Divide using synthetic division $$ ( -2x^{4}+3x^{3}+4x^{2}+2 ) \div ( x-5 ) $$
Answer
The synthetic division table is:
$$ \begin{array}{c|rrrrr}5&-2&3&4&0&2\\& & -10& -35& -155& \color{black}{-775} \\ \hline &\color{blue}{-2}&\color{blue}{-7}&\color{blue}{-31}&\color{blue}{-155}&\color{orangered}{-773} \end{array} $$The solution is:
$$ \frac{ -2x^{4}+3x^{3}+4x^{2}+2 }{ x-5 } = \color{blue}{-2x^{3}-7x^{2}-31x-155} \color{red}{~-~} \frac{ \color{red}{ 773 } }{ x-5 } $$Explanation
Step 1 : Write down the coefficients of the dividend into division table. Put the zero from $ x -5 = 0 $ ( $ x = \color{blue}{ 5 } $ ) at the left.

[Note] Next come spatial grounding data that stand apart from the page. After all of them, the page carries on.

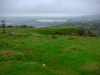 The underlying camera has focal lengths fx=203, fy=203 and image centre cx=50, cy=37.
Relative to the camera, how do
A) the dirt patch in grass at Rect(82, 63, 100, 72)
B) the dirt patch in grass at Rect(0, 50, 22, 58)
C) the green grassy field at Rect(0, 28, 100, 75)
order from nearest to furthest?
the green grassy field at Rect(0, 28, 100, 75) < the dirt patch in grass at Rect(82, 63, 100, 72) < the dirt patch in grass at Rect(0, 50, 22, 58)

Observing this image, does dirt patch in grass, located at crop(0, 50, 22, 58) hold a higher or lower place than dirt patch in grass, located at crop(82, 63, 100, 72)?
higher

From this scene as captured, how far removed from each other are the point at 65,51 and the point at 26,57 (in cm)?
730

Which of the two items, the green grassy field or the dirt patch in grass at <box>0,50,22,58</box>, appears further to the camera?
the dirt patch in grass at <box>0,50,22,58</box>

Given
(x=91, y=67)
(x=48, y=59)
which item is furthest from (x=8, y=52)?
(x=91, y=67)

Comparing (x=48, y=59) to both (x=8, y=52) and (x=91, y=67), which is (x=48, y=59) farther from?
(x=8, y=52)

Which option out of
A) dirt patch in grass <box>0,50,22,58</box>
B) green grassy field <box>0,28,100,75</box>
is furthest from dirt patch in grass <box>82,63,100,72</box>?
dirt patch in grass <box>0,50,22,58</box>

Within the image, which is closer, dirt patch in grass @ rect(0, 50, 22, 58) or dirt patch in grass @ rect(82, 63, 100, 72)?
dirt patch in grass @ rect(82, 63, 100, 72)

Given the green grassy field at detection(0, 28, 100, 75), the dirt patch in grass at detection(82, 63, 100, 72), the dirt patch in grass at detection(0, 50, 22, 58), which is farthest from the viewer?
the dirt patch in grass at detection(0, 50, 22, 58)

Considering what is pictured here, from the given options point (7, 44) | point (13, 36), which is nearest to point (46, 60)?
point (7, 44)

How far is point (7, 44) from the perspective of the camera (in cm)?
3834

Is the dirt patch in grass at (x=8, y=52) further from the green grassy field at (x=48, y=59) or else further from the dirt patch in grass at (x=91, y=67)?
the dirt patch in grass at (x=91, y=67)

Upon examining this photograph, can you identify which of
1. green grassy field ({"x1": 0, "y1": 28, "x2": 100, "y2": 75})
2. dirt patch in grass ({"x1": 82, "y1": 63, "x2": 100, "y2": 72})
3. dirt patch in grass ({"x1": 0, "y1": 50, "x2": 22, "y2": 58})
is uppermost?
dirt patch in grass ({"x1": 0, "y1": 50, "x2": 22, "y2": 58})

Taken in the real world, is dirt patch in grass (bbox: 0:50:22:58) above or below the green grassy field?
above

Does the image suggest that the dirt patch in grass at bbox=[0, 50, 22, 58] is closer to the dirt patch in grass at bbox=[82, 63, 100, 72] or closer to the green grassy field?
the green grassy field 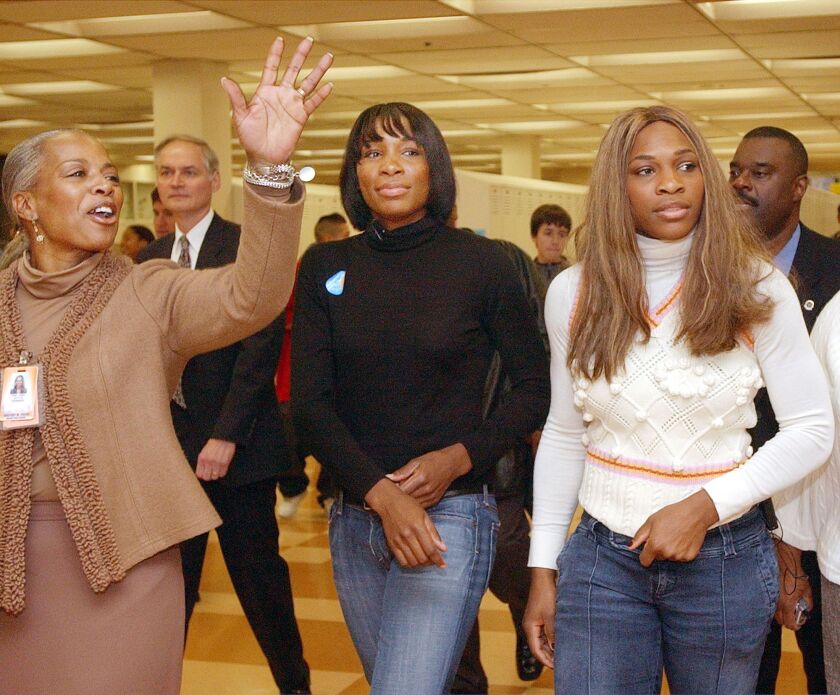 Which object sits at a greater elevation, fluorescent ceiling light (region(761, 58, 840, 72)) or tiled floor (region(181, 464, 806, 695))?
fluorescent ceiling light (region(761, 58, 840, 72))

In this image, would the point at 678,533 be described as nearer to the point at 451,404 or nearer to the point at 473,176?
the point at 451,404

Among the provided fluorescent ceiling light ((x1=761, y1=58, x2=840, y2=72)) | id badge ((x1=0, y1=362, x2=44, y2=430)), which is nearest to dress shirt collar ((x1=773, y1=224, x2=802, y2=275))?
id badge ((x1=0, y1=362, x2=44, y2=430))

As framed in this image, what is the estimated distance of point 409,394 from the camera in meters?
2.50

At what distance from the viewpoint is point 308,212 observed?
10.2 meters

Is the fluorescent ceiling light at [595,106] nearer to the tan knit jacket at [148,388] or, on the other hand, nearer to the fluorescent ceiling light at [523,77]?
the fluorescent ceiling light at [523,77]

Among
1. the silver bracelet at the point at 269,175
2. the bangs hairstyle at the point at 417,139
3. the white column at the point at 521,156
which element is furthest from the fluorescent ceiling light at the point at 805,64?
the silver bracelet at the point at 269,175

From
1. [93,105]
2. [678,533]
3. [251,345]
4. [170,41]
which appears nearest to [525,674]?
[251,345]

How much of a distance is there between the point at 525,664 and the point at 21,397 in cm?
254

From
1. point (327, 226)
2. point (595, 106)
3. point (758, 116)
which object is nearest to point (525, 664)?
point (327, 226)

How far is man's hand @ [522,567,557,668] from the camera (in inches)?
89.9

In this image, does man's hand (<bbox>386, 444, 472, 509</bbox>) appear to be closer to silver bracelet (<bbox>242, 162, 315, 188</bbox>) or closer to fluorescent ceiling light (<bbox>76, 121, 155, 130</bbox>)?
silver bracelet (<bbox>242, 162, 315, 188</bbox>)

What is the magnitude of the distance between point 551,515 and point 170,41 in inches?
323

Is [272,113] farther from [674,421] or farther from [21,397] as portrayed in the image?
[674,421]

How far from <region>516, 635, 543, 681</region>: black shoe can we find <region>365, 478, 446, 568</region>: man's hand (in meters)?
1.85
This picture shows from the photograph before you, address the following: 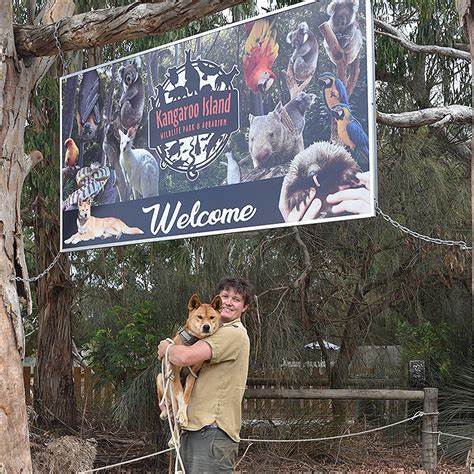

$$ \begin{array}{c|rrrrr}\color{blue}{5}&-2&3&4&0&2\\& & & & & \\ \hline &&&&& \end{array} $$Step 1 : Bring down the leading coefficient to the bottom row.
$$ \begin{array}{c|rrrrr}5&\color{orangered}{ -2 }&3&4&0&2\\& & & & & \\ \hline &\color{orangered}{-2}&&&& \end{array} $$Step 2 : Multiply by the number on the left, and carry the result into the next column: $ \color{blue}{ 5 } \cdot \color{blue}{ \left( -2 \right) } = \color{blue}{ -10 } $.
$$ \begin{array}{c|rrrrr}\color{blue}{5}&-2&3&4&0&2\\& & \color{blue}{-10} & & & \\ \hline &\color{blue}{-2}&&&& \end{array} $$Step 3 : Add down last column: $ \color{orangered}{ 3 } + \color{orangered}{ \left( -10 \right) } = \color{orangered}{ -7 } $
$$ \begin{array}{c|rrrrr}5&-2&\color{orangered}{ 3 }&4&0&2\\& & \color{orangered}{-10} & & & \\ \hline &-2&\color{orangered}{-7}&&& \end{array} $$Step 4 : Multiply by the number on the left, and carry the result into the next column: $ \color{blue}{ 5 } \cdot \color{blue}{ \left( -7 \right) } = \color{blue}{ -35 } $.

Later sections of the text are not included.